» What you should do: Line by line, copy the listing below exactly.

» Information supplied:
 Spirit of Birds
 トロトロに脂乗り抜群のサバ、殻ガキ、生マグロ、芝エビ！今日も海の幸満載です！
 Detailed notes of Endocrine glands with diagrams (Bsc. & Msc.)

» Task response:
 Spirit of Birds
 トロトロに脂乗り抜群のサバ、殻ガキ、生マグロ、芝エビ！今日も海の幸満載です！
 Detailed notes of Endocrine glands with diagrams (Bsc. & Msc.)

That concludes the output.